What is the limitation period for filing an infringement action?

The limitation period for trademark infringement is generally six years after the cause of action arose if the cause of action - including damages - arises otherwise than in a single province of Canada.

In some Canadian provinces, the limitation period has been reduced to two years.

Litigation costs

What is the typical range of costs associated with an infringement or dilution action, including trial preparation, trial and appeal?

The costs of an action for infringement or depreciation of goodwill are difficult to predict in the abstract, and depend upon the pleaded issues, the manner in which the proceeding progresses, and the conduct of the parties in the litigation. Costs can range from less than $100,000 for a straightforward proceeding that is resolved in a summary manner, to more than C$1 million for complex actions that are hotly contested between the parties and the ultimate decision is appealed.

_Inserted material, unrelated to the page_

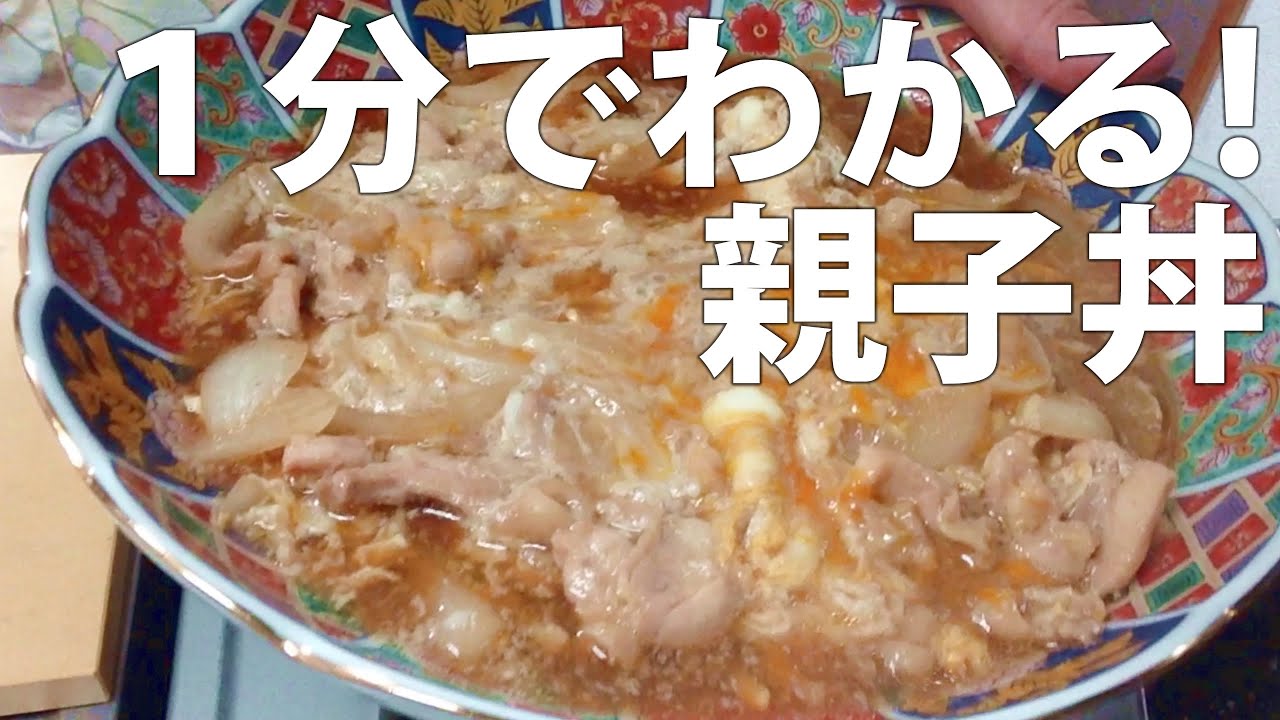 簡単 失敗しない レンジで作るカラメルソースの作り方 レシピ Youtube 簡単 失敗しない レンジで作るカラメルソースの作り方 レシピ Youtube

The successful party in an action for infringement or depreciation of goodwill is typically entitled to an award of costs.

Appeals

What avenues of appeal are available?

An appeal may be filed with the Federal Court of Appeal for Federal Court decisions and to the relevant provincial court of appeal where an action was brought before a provincial superior court. An appeal to the Supreme Court of Canada is permitted only with leave.

Defences

What defences are available to a charge of infringement or dilution, or any related action?

A defendant in an infringement case will typically argue that there is no confusing similarity between the marks at issue and attack the registered rights on which the plaintiff relies. A defendant in an action for depreciation of goodwill will typically argue that it had not used the plaintiff’s registered trademark, that the plaintiff’s registered trademark is not sufficiently well known to have significant goodwill attached to it, and that the plaintiff’s mark was not used in a manner likely to have an effect on and to depreciate the value of that goodwill.

There are also many ways in which a defendant with significant financial means can seek to delay the progress of proceedings (eg, seeking to strike portions of a pleading, seeking particulars or motions to compel disclosure).

Remedies

What remedies are available to a successful party in an action for infringement or dilution, etc? What criminal remedies exist?

The successful plaintiff in an action for infringement or depreciation of goodwill may seek:

  • interim or interlocutory injunctions;
  • permanent injunctions;
  • damages;
  • an accounting of profits; and
  • the destruction or other disposition of any offending goods, packaging, labels and advertising material and any equipment used to produce the goods, packaging labels or advertising material.

Punitive damages and exemplary damages may be awarded in exceptional circumstances. The successful party is typically entitled to an award of costs.

Penalties for criminal offences include a fine of up to C$1 million and up to five years in prison for an indictment, and a C$25,000 fine and up to six months in prison for a summary conviction offence.

ADR

Are ADR techniques available, commonly used and enforceable? What are the benefits and risks?

Parties to a dispute may voluntarily participate in mediation. The Federal Court of Canada makes available judges and case management officers to conduct mediations of disputes before the Federal Court, and such mediations often result in successful outcomes.

In some provincial jurisdictions, a party may serve an adverse party with a notice to mediate, which requires the other party to participate in mediation, failing that, their claim or defence may be dismissed.

A mediated settlement agreement is enforceable under provincial law as any other agreement.